### Directions for this task:
Would you return the lines between the one holding "To’qima o’sishi patofiziologiyasi 2" and the one holding "Smart glasses worn", inclusive, and only those, exactly as they stand in the listing below?

### Data records:
════
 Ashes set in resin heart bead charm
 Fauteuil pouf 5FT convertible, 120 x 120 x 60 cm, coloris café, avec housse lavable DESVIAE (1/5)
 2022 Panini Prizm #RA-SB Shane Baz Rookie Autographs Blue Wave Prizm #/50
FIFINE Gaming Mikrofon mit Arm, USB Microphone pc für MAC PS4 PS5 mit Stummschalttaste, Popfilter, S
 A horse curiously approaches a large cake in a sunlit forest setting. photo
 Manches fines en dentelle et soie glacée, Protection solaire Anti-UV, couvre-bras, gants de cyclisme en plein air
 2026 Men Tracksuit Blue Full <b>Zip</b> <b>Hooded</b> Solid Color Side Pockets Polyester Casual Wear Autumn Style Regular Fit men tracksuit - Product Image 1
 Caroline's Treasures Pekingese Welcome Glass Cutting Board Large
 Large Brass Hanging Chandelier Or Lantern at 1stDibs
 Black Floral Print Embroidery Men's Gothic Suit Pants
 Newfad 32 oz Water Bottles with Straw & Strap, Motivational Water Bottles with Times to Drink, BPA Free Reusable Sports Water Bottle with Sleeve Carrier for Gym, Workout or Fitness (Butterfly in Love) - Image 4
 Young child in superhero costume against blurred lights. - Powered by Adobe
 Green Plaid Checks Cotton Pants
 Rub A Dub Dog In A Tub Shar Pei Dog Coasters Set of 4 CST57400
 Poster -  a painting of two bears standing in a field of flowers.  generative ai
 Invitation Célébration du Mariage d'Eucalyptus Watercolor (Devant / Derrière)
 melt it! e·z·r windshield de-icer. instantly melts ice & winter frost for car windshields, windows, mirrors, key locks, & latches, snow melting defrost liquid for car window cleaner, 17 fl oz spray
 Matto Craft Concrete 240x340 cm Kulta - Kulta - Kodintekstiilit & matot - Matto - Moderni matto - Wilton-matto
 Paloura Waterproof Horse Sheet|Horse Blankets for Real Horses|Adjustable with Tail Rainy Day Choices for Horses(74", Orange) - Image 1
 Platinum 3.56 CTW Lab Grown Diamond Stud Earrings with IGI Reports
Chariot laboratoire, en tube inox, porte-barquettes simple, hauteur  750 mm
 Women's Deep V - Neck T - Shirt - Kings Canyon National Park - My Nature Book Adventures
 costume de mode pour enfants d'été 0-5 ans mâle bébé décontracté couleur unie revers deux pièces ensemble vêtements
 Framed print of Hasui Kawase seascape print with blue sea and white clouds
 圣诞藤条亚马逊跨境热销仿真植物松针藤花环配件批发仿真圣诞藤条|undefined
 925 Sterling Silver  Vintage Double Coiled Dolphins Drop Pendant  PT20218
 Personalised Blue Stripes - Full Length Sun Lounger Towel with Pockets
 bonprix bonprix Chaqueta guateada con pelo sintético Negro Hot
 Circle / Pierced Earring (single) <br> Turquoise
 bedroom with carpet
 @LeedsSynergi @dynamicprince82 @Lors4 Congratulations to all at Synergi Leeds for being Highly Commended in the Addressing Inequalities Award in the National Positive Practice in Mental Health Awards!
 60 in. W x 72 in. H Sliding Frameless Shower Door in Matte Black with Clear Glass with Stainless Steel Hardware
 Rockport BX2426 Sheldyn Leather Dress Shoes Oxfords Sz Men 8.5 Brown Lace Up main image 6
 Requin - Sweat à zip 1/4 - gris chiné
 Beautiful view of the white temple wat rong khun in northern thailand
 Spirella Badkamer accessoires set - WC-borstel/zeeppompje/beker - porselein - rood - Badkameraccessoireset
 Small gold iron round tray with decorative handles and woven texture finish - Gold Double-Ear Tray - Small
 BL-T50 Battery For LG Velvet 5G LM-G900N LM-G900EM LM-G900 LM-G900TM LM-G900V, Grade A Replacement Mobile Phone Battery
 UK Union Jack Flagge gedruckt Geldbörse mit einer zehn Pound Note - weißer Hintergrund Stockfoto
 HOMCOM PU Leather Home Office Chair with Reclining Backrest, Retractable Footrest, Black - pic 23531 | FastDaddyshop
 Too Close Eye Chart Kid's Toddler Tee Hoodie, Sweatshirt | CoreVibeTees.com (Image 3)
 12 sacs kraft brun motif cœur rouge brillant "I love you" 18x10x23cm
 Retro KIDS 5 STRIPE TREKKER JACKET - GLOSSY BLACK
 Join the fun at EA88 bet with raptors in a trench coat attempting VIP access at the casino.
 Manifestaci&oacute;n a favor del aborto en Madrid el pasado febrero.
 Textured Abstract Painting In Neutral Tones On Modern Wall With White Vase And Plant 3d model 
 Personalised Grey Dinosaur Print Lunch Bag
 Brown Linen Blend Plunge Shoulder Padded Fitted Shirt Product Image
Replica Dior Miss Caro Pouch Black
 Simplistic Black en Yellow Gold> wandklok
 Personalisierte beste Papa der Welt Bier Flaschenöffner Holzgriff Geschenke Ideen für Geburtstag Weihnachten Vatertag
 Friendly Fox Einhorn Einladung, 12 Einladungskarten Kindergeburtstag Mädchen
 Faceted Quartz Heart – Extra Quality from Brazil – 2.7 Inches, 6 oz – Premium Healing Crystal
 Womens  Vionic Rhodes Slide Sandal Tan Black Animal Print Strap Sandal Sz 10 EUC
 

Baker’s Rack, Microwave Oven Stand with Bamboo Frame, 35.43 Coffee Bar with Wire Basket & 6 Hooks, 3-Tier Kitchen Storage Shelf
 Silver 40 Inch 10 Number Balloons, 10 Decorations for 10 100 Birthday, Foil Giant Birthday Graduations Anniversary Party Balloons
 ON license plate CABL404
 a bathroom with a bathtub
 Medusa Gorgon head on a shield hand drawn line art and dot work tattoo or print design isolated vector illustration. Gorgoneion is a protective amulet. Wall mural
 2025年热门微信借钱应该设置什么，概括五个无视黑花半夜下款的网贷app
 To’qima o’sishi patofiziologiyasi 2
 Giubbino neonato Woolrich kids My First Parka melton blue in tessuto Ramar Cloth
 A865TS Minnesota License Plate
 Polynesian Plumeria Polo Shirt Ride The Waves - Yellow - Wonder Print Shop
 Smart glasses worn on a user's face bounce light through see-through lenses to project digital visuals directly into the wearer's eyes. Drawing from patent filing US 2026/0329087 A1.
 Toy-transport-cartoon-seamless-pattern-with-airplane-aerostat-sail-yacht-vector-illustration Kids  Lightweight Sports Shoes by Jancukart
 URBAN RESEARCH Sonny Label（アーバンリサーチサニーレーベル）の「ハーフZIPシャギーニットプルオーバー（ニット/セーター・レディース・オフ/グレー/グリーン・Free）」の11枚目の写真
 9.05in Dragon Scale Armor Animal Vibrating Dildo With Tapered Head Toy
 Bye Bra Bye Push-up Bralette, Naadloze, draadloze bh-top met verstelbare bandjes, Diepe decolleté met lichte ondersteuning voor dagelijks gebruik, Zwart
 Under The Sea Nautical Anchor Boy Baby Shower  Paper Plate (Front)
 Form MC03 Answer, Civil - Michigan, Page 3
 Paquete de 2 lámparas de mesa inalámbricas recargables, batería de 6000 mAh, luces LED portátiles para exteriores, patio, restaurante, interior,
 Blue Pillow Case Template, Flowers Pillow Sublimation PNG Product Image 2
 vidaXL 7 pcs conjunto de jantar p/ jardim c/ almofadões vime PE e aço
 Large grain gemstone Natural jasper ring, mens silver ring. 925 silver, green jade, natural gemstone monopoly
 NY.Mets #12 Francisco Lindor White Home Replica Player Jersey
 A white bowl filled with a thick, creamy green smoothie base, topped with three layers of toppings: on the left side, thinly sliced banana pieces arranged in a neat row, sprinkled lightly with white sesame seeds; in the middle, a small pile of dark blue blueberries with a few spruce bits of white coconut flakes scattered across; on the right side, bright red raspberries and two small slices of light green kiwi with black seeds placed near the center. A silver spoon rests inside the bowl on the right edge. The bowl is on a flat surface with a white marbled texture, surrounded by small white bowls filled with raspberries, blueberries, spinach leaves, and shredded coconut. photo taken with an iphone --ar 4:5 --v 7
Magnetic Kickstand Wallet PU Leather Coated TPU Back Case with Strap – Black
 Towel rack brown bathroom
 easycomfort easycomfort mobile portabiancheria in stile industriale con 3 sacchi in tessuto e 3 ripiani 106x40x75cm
════
### Solved exercise:
 To’qima o’sishi patofiziologiyasi 2
 Giubbino neonato Woolrich kids My First Parka melton blue in tessuto Ramar Cloth
 A865TS Minnesota License Plate
 Polynesian Plumeria Polo Shirt Ride The Waves - Yellow - Wonder Print Shop
 Smart glasses worn on a user's face bounce light through see-through lenses to project digital visuals directly into the wearer's eyes. Drawing from patent filing US 2026/0329087 A1.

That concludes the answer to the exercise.